2020 yılının son aylarında yaşanan savaşla Azerbaycan, Ermenistan işgali altındaki Karabağ topraklarını kurtarmıştır. İkinci Karabağ Savaşı’ndan sonra bölgedeki yeni jeopolitik gerçeklik, İran ve Azerbaycan arasındaki ilişkilerde 20 yıl sonra yeniden kriz ortamı meydana getirmiştir. 20 yıl önce olduğu gibi yine (ama çok daha güçlü bir biçimde) Türkiye, bölgesel denklemin bir parçasıdır ve iki ülke arasındaki krizde Azerbaycan için güvenlik garantörüdür. 20 yıl önce olduğu gibi yine ABD-Afganistan hattında bölgesel yansımaları olan gelişmeler söz konusudur.

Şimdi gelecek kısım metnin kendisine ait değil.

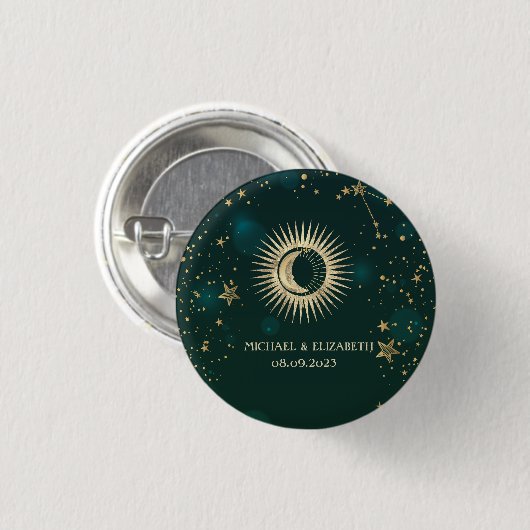 Celestial Gold Sun and Moon Stars Green Button (Vorne & Hinten)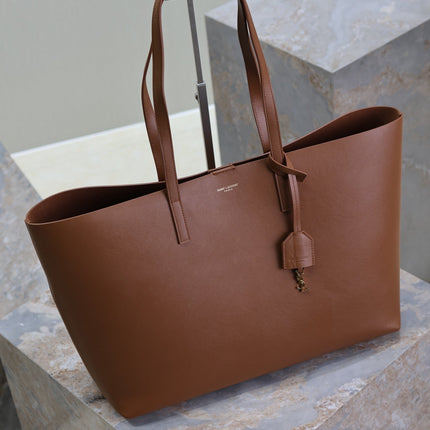SHOPPING TOTE BAG 38 IN RED BROWN CALFSKIN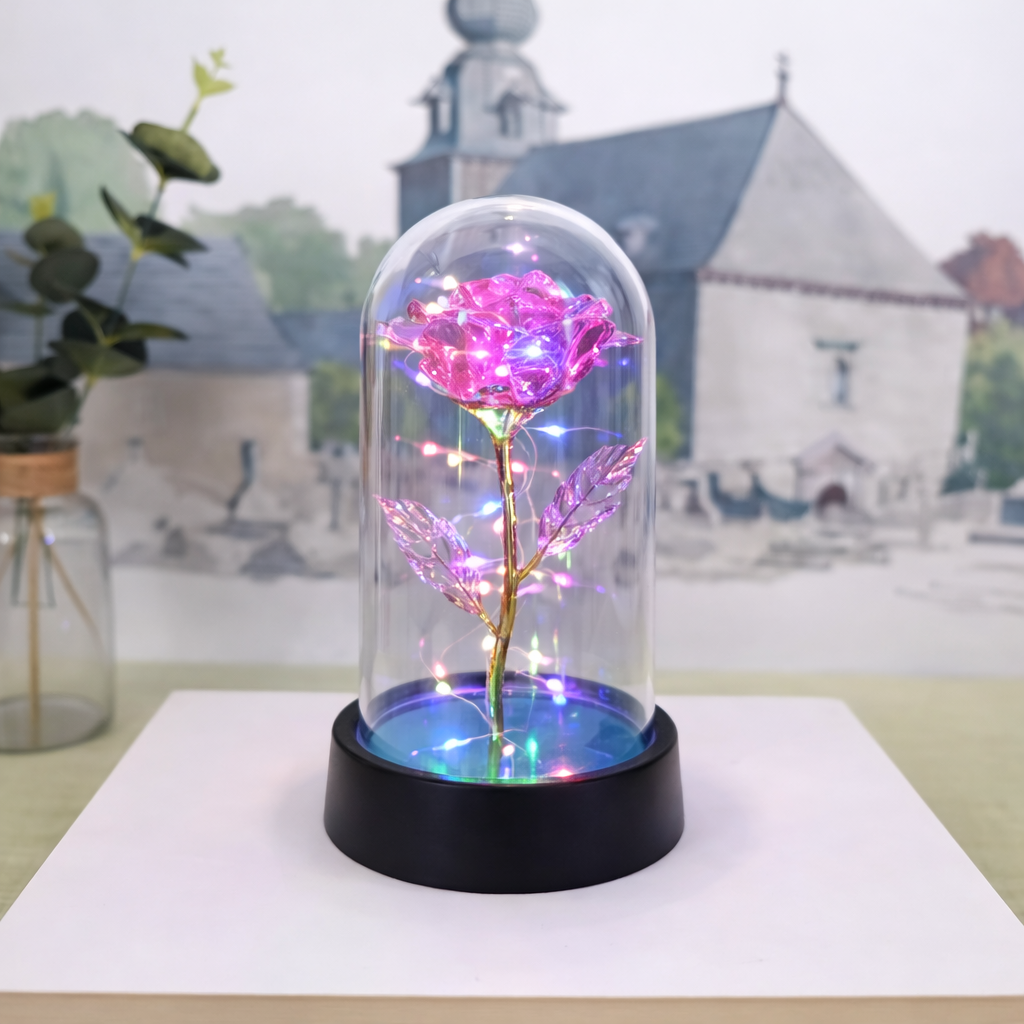 Tischlampe Rose Glaskuppel Dekoration Geschenk Beleuchtung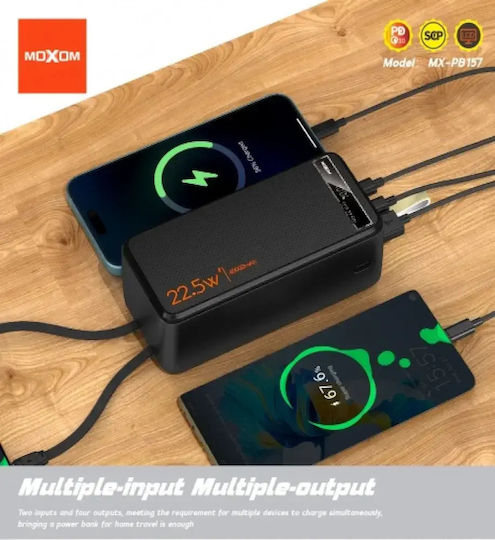 Moxom MX-PB158 Power Bank 50000mAh with 2 USB-A Ports and USB-C Port Power Delivery Black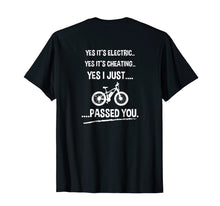 Load image into Gallery viewer, Funny E-Bike T-shirt Yes It's Electric
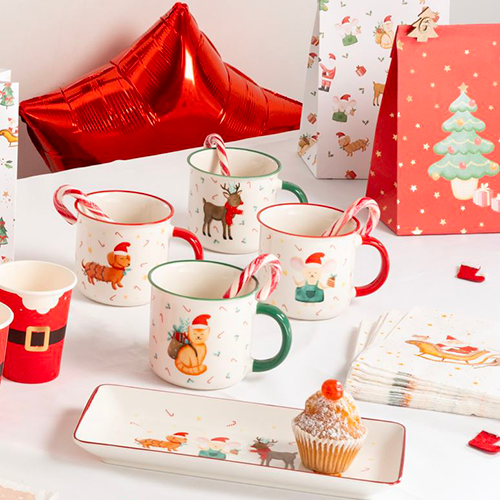 Plateau en porcelaine 25,5 x 11,8 cm conte de noel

Daha önce olduğu gibi siyasi krizler; Azerbaycan-İran ticari ilişkilerini küresel ekonomik krizlerden daha mı az etkileyecek? Önceki rasyonel deneyimler ve her iki ülkenin ekonomik ihtiyaçları bu “politik ekonomi” sorusuna genel olarak belki “Evet.” cevabı vermemizi sağlayabilir. Ama sonuçta her bir kriz, devletlerin ve halkların kolektif hafızalarına yazılmaktadır. Devletlerin ortaya koydukları tepkilerin orantısız olduğu ve krizin doğru yönetilmediği durumlarda ekonomik ve siyasi ilişkiler, kısa ve orta vadede olumsuz etkilenmektedir. İkinci Karabağ Savaşı’ndan sonra iki ülke arasındaki ilişkilerin odak noktasının; güvenlik eksenli bir yaklaşımdan ekonomik iş birliği eksenli bir yaklaşıma dönüştürülmesi yönünde özellikle Azerbaycan’ın sarf ettiği yoğun çabalara İran tarafının pragmatik yaklaşması durumunda, 2021 yılının sonlarına doğru iki ülke arasındaki enerji ve ulaşım bağlamındaki ortak projeler artabilir ve ticaret hacmi genişleyebilir. İşgalden kurtarılan Karabağ bölgesinde, Azerbaycan Devleti tarafından gerçekleştirilen yeniden yapılanma ve imar projelerinde İran üretimi olan belirli kimya sanayisi ürünleri ve inşaat malzemelerinin bu ülkeden olası ithalatı, bölgedeki yeni jeopolitik gerçekliği kabullenme durumunun ikili ticarete olumlu etkisi açısından bir politik ekonomi örneği olabilir.